» **PROBLEM STATEMENT**
The reply should hold only the lines below beginning at the one with "Mein zweisprachiges Ausmalbuch: Obst" and ending at the one with "Massimiliano Kolbe numero 16670", copied exactly, with every picture left out.

*** DATA SUPPLIED Section Begins ***

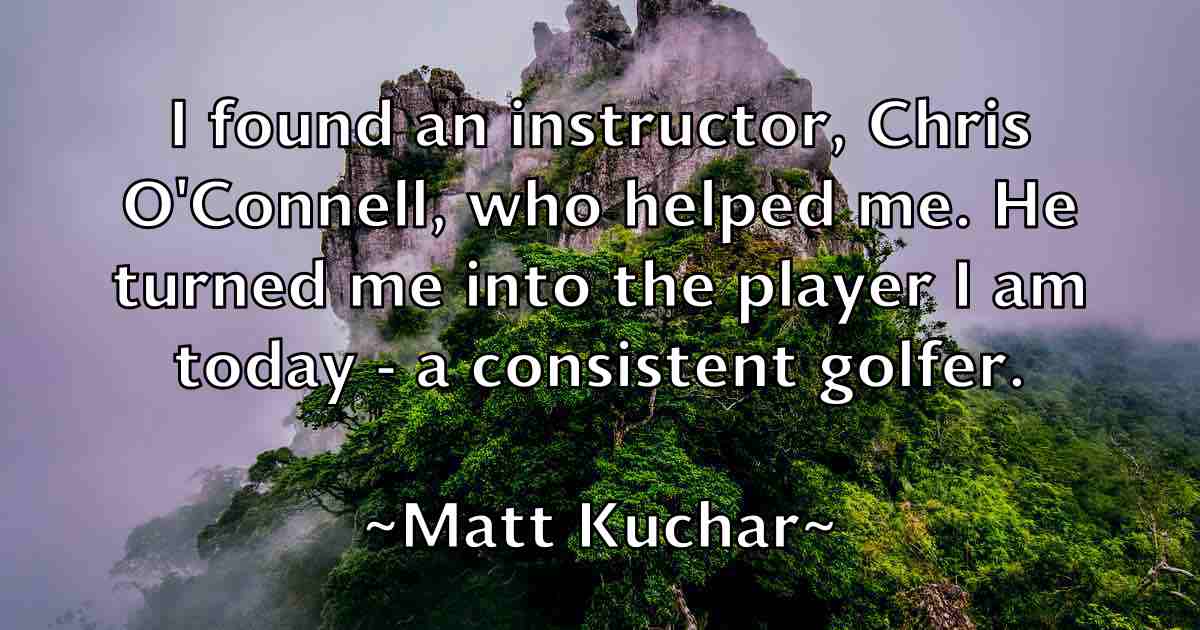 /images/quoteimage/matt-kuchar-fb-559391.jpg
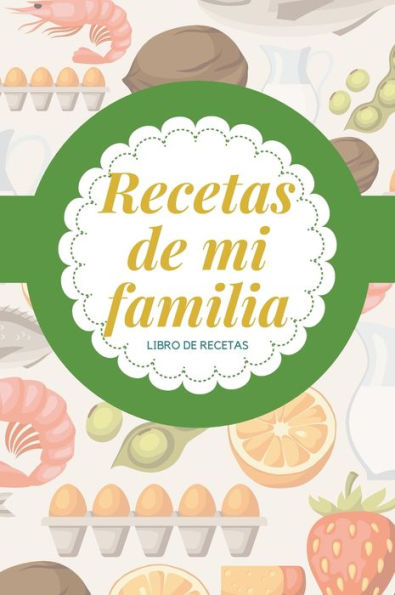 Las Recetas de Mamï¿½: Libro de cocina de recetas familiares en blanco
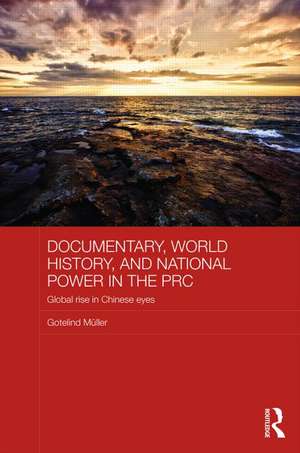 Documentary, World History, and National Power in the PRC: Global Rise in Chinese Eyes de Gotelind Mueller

*** DATA SUPPLIED Section Ends ***
*** DATA SUPPLIED Section Begins ***

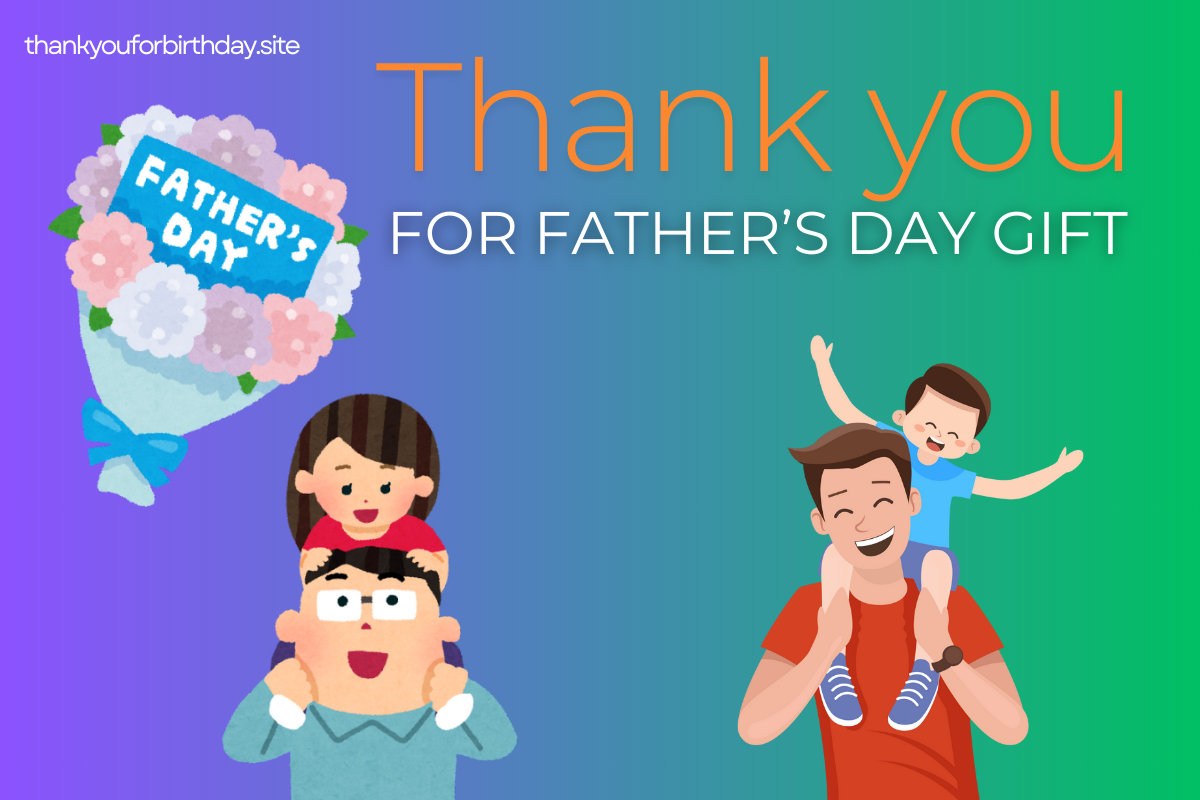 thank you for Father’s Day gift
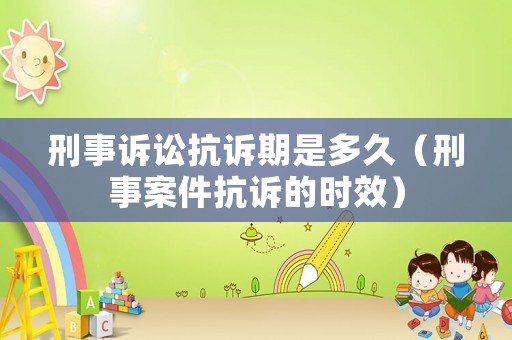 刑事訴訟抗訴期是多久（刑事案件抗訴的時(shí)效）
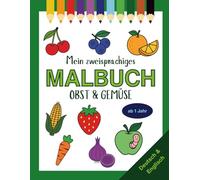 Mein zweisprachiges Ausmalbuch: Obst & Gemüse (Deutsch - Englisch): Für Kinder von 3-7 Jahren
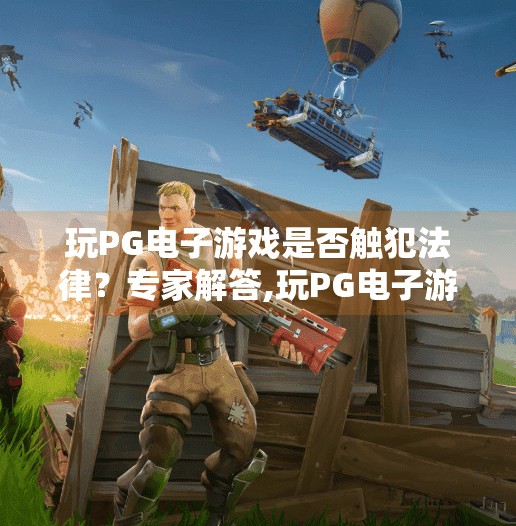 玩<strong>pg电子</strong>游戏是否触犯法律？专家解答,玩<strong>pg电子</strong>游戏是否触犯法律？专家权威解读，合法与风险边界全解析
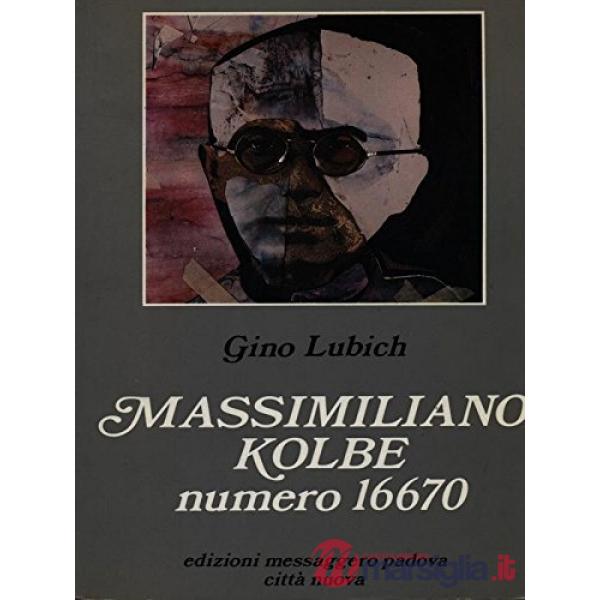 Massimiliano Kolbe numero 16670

*** DATA SUPPLIED Section Ends ***
*** DATA SUPPLIED Section Begins ***

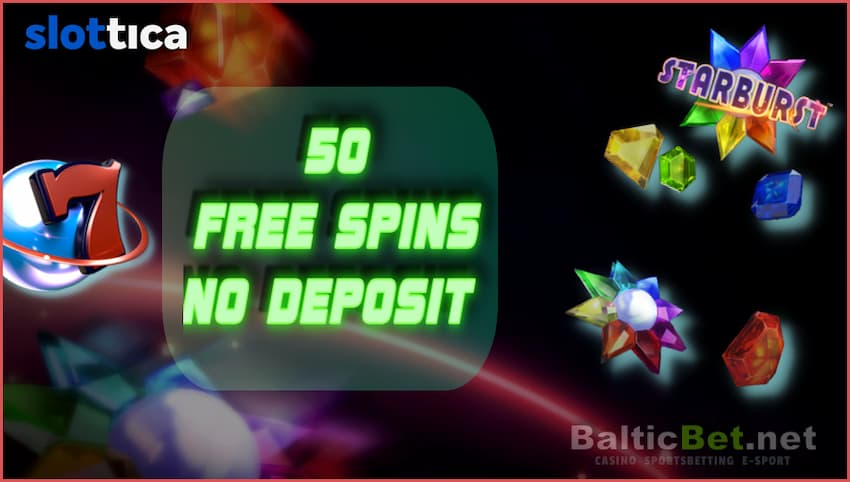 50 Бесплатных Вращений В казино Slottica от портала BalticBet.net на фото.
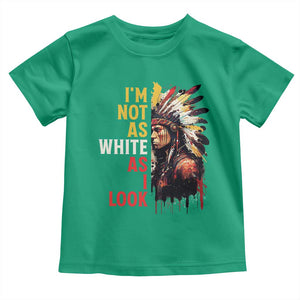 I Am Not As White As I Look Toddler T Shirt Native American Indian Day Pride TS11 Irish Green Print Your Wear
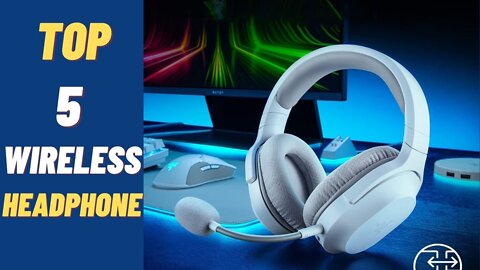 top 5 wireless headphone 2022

*** DATA SUPPLIED Section Ends ***

» **ANSWER AREA**
 Mein zweisprachiges Ausmalbuch: Obst & Gemüse (Deutsch - Englisch): Für Kinder von 3-7 Jahren
 玩<strong>pg电子</strong>游戏是否触犯法律？专家解答,玩<strong>pg电子</strong>游戏是否触犯法律？专家权威解读，合法与风险边界全解析
 Massimiliano Kolbe numero 16670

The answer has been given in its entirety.